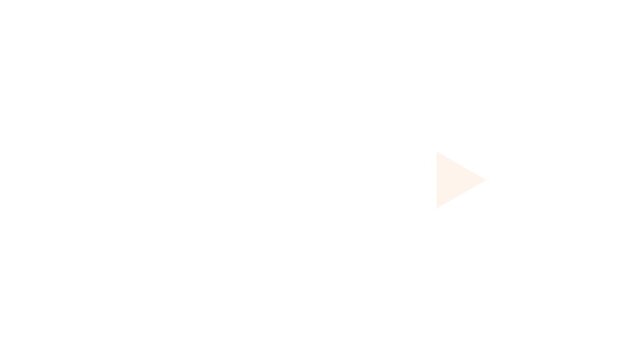 Minimalist loading animation with pulsing orange arrows on white background, progress indicator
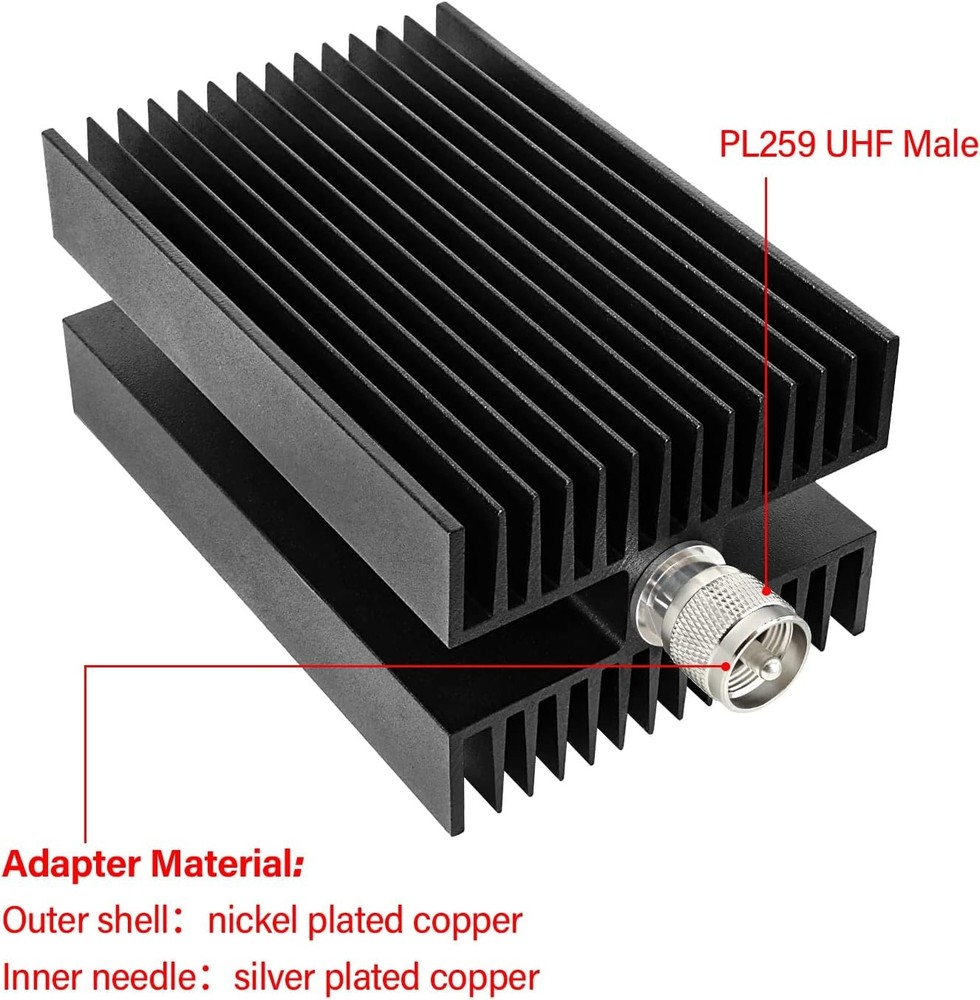 High-Performance 100W Dummy Load with PL259 Connector for Ham Radios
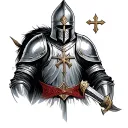Knight Templar tattoo design idea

════════════════════

Transcribe exactly the span of lines from the line holding "High-Performance 100W Dummy" through the last line above, both included. Pictures stay out.

 High-Performance 100W Dummy Load with PL259 Connector for Ham Radios
Knight Templar tattoo design idea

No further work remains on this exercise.